** Task data **
#####
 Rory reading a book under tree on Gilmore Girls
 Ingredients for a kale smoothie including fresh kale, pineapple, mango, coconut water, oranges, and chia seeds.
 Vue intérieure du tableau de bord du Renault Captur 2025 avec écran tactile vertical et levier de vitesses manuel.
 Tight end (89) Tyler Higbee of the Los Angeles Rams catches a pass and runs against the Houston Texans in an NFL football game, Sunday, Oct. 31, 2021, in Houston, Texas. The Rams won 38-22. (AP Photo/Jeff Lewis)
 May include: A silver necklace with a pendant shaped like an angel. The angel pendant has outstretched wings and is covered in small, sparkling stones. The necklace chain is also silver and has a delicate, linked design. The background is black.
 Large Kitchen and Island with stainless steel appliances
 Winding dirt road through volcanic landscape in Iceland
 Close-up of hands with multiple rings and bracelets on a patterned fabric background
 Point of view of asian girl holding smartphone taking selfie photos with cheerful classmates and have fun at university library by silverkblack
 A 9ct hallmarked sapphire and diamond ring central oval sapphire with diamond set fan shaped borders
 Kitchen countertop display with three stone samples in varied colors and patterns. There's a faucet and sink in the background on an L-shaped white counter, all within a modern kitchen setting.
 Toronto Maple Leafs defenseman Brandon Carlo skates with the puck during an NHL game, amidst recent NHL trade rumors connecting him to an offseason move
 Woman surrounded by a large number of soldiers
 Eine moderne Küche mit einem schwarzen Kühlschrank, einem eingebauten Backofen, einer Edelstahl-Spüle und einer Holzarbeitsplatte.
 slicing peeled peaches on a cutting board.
#####
** Exercise directions **
Scan the listing above and copy all lines containing the word "Kitchen".

** Task output **
 Large Kitchen and Island with stainless steel appliances
 Kitchen countertop display with three stone samples in varied colors and patterns. There's a faucet and sink in the background on an L-shaped white counter, all within a modern kitchen setting.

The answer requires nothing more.